------ Information given

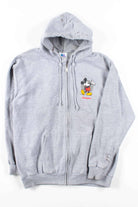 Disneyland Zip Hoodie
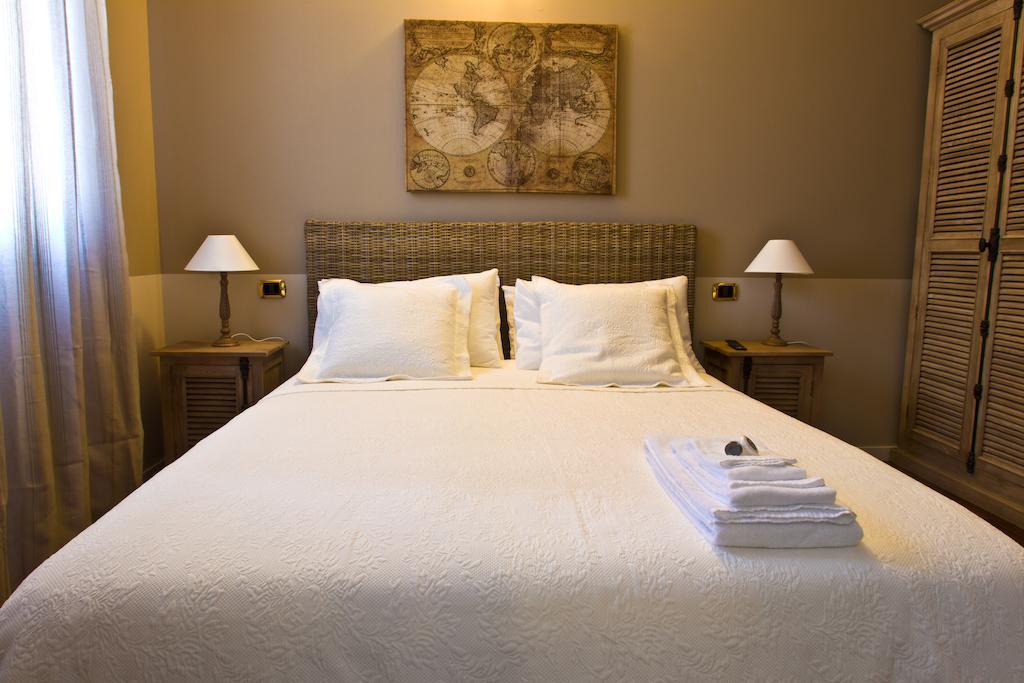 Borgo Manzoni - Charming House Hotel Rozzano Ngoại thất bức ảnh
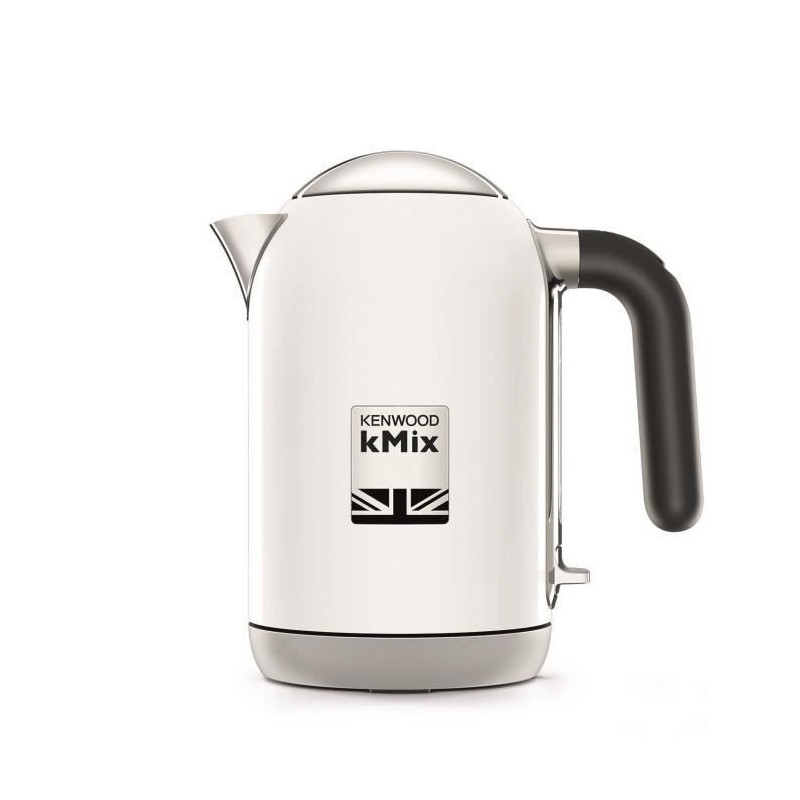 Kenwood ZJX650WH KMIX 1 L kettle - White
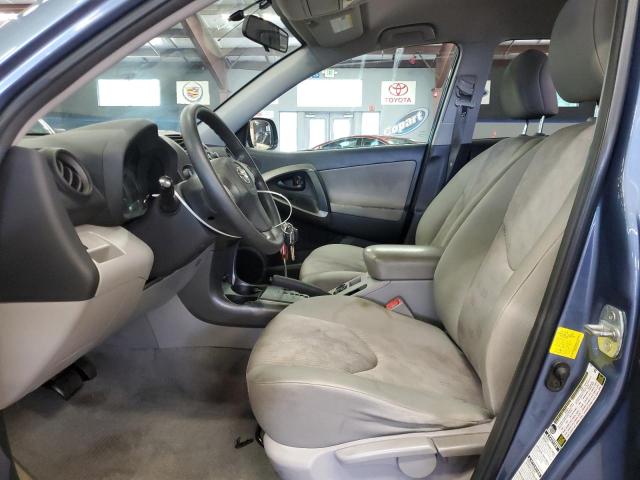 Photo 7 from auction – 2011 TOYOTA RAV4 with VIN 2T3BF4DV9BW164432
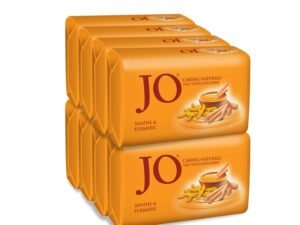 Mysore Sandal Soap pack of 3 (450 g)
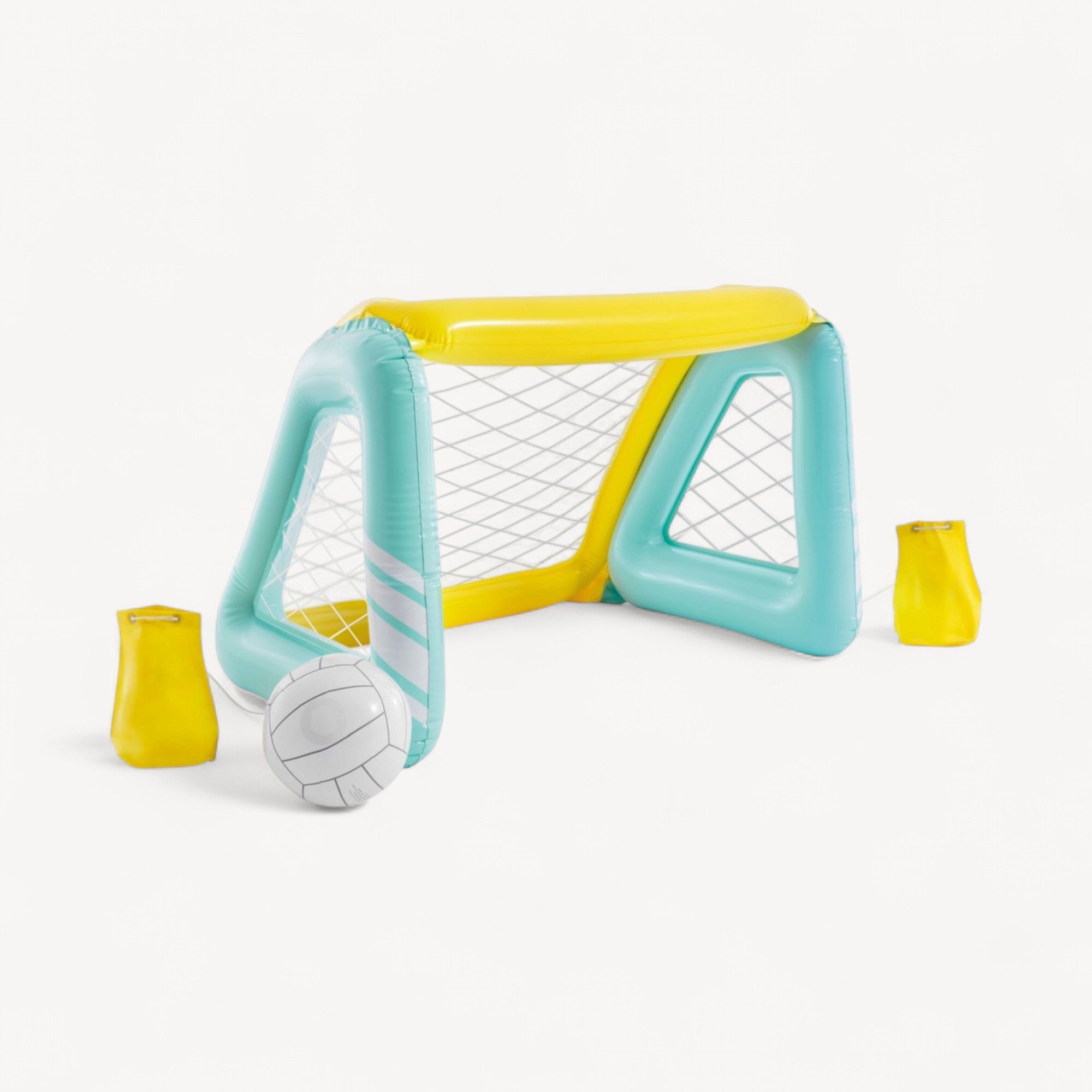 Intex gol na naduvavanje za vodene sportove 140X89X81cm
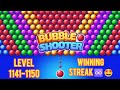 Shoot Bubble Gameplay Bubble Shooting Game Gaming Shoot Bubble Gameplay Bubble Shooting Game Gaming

------------

Return the lines exactly, from the one containing "Mysore Sandal Soap pack of 3 (450 g)" through the last line above, including both ends and excluding every picture.

 Mysore Sandal Soap pack of 3 (450 g)
 Intex gol na naduvavanje za vodene sportove 140X89X81cm
 Shoot Bubble Gameplay Bubble Shooting Game Gaming Shoot Bubble Gameplay Bubble Shooting Game Gaming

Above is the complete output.